The difference between (14b) and (14c) is that the adjective acts as an adverb in the former, but as an adjectival predicate that takes a clausal subject in the latter case (cf. Section 6.5), as was actually already suggested by the glosses in (14). This strongly suggests that zo is obligatory in the right-hand part of the schematic representation in (11), which is also supported by the fact that toch, which cannot be used predicatively, cannot be omitted in (13b).

[+]  II.  VP adverbs

Clauses that contain a VP adverb can be paraphrased by placing the adverb in a coordinated ... en pronoun doet dat adverb clause, in which the pronoun refers to the subject of the first conjunct. A schematic representation of this paraphrase is given in (15), in which coreference is indicated by means of coindexing. The examples in (16) illustrate this test for the manner adverb snel'fast'.

Example 15
VP adverb
[clausesubject .. Adverb ..] ⇒ [clause subjecti ..] en pronouni doet dat adverb
  and does that
Example 16
a. Jan rent snel naar de bakker.
  Jan  runs  fast  to the bakery
b. Jani rent naar de bakker en hiji doet dat snel.
  Jan  runs  to the bakery  and  he  does  that  fast
[+]  III.  Ambiguity between the two readings

The two subsections above have discussed the semantic tests for distinguishing clause and VP adverbs.
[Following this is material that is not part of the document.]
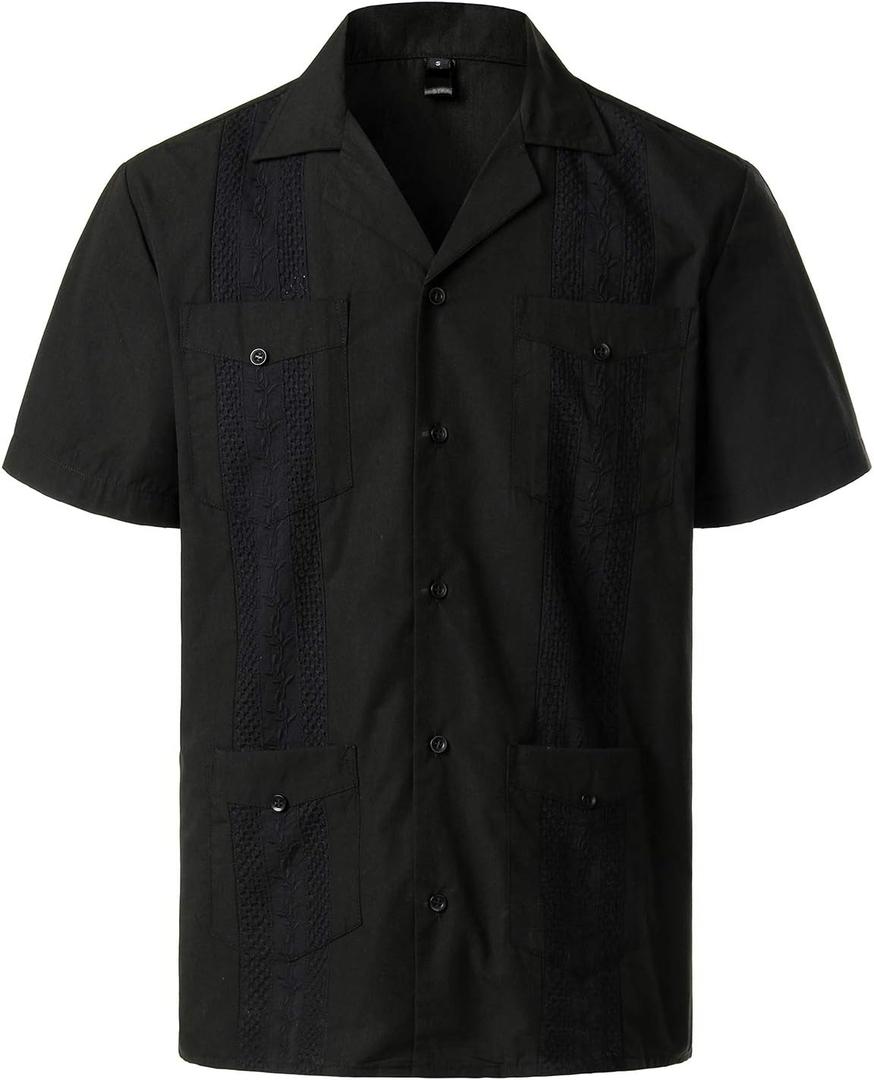 VATPAVE Mens Short Sleeve Button Down Cuban Guayabera Shirts (Black, XL)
The examples in (17a) and (17b) show that the two paraphrases are often mutually exclusive: modal adverbs like waarschijnlijk cannot be used in an ... en pronoundoet datadverb clause, and manner adverbs like snel cannot be used in the het is adverb zo dat ... frame.

Example 17
a. * Jan gaat naar Groningen en hij doet dat waarschijnlijk.
  Jan goes  to Groningen  and  he  does  that  probably
b. * Het is snel zo dat Jan naar de bakker rent.
  it  is fast  the.case  that  Jan to the bakery  runs

However, this does not hold for all adverbs. Adverbs of time like morgen'tomorrow', for example, can often be used both as a sentence adverb and as a VP adverb, which is also reflected in that they may either precede or follow adverbs like waarschijnlijk, which must be interpreted as clausal adverbs according to the adverb test in the primed examples.

Example 18
a. Jan wordt morgen (waarschijnlijk) ontslagen.
  Jan be  tomorrow   probably  fired
  'Tomorrow, John will (probably) be fired.'
a'. Het is morgen (waarschijnlijk) zo dat Jan ontslagen wordt.
  it  is tomorrow   probably  the.case  that  Jan  fired  be
b. Jan wordt (waarschijnlijk) morgen ontslagen.
  Jan be  probably  tomorrow  fired
  'John will (probably) be fired tomorrow.'
b'. Het is waarschijnlijk zo dat Jan morgen ontslagen wordt.